Today we check up with Frances to see if she's recruited her power user for our live test and discuss the importance of user testing and how to recruit users.
—
Transcript
Pablo: Welcome to Prototype Thinking in Action. I'm Pablo, your host, and this is the podcast where we talk to founders, dive into one big challenge that they are facing, and help them solve it by using the prototype thinking method. Let's get started.
Pablo: Frances, welcome back, it's lovely to have you again with us. I know that J gave
you homework, so to speak, which is always the challenging bit of the process, specifically because this homework was about talking to your power users, your early adopters, those users that we can get really valuable feedback from. So can you tell us how that went?
Frances: So entrepreneurs aren't good at homework, as we all know. I did not recruit power users because I feel weird about it, like I don't I don't know them. I can easily look up the stats on my email list on who has like the highest opens and click through rates, but I don't know these folks, they're parents obviously, they're really busy, and I feel like I can't ask them to do something for me without giving them something. I've been hesitating.
J: I noticed that because we emailed you a few times being like, hey Frances, do you
have your user? I noticed that when I send you emails about other things you respond to them instantly, but you ghosted five messages from our team about user recruitment, so it sounds like there was something here that was tough for you.
Frances: Yeah, I apologize for being a fuckboy on a dating app.
J: No no no no, I mean that, the data, right, like that is the most interesting thing. When things don't go as expected, like that is the juiciest part.
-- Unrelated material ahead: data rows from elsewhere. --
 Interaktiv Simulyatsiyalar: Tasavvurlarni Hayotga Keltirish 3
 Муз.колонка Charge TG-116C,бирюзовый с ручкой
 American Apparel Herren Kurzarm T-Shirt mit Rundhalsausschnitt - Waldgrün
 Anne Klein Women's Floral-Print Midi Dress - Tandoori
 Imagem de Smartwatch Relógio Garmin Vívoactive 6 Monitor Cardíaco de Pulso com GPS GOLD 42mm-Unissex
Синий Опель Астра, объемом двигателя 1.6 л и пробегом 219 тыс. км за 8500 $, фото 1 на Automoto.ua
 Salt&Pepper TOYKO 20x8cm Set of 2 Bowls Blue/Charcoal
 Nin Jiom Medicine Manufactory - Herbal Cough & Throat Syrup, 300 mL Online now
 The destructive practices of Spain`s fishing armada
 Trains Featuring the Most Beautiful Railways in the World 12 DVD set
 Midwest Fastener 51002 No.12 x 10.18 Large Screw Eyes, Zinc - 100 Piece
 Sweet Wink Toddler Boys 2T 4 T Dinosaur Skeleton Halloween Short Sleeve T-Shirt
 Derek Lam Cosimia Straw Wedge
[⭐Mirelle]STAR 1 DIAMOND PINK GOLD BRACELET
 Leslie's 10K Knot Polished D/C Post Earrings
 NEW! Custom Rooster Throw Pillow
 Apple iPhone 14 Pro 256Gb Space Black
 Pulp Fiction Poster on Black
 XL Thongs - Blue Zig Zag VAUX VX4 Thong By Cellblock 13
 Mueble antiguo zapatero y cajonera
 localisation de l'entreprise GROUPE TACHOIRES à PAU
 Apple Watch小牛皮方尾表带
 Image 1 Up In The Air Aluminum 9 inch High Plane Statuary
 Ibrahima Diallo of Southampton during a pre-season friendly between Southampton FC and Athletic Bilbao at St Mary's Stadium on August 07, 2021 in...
Frances: You know, yeah, like I have no problem talking to people in real life, but this feels like a heavy ask for someone to like do something for me and they don't know me despite the fact that I do believe they've been getting value out of the newsletter. I have this fear that I'm going to look at the data and the people with the highest clicks and opens, the most engaged users
that we are looking for are people that I've had no interaction with whatsoever. I just don't know them. They're complete strangers, and I don't have anything to offer them, to give them back
in return for their time.
Pablo: This is fantastic, Frances, because you're not alone in this. J knows that I've been teaching entrepreneurship and innovation for many many years at business schools and teaching corporations how to do these kind of customer discovery processes and
everyone kind of like gets maybe the logic behind it and the value in talking to customers but then when when they have to take that that leap, that plunge, they are like, Damn, this is not as easy as it seemed in the workshop or in the explanation.
J: Let's dive into this. First of all, I'm curious. Like right now you said that you were nervous about looking at the data and what if they're strangers. Can you go look at the data right now?
Frances: Okay, I'll look at the data.
J: Okay, I actually think it's better if they're strangers. I'm hoping they're strangers, but we'll see.
Frances: Finding the data that we're looking for is actually not as easy as I thought it was going to be.
J: Okay, why don't I give you the homework of going and digging through your email platform and seeing if you can pull a few power users from it and if the data is available and if not, you're just going to have to add a recruitment message at the bottom of a newsletter.
Pablo: I was precisely going to suggest the same thing as J. People will self-select in a way. This is the good thing about having this sort of ask, Frances, if people don't want to talk to you, you're not forcing them to talk to you.
J: Yeah, power users are the easiest users to recruit.
Pablo: Correct. There's a definition that I teach my students, the definition of early adopter and the short version is that an early adopter is the person who has the problem that you're solving, they're aware that they have the problem that you want to solve, and they're looking for a solution, and when you're building a product or trying to design a solution around that, they're eager to talk to you because you are actually going to be doing ad hoc personalized customized consulting for them.
Frances: Yeah, I mean, I've been on the other end of this and have totally been that person, but I've also been a founder, so I'm like oh of course I want to offer feedback, but wouldn't that person be like biased?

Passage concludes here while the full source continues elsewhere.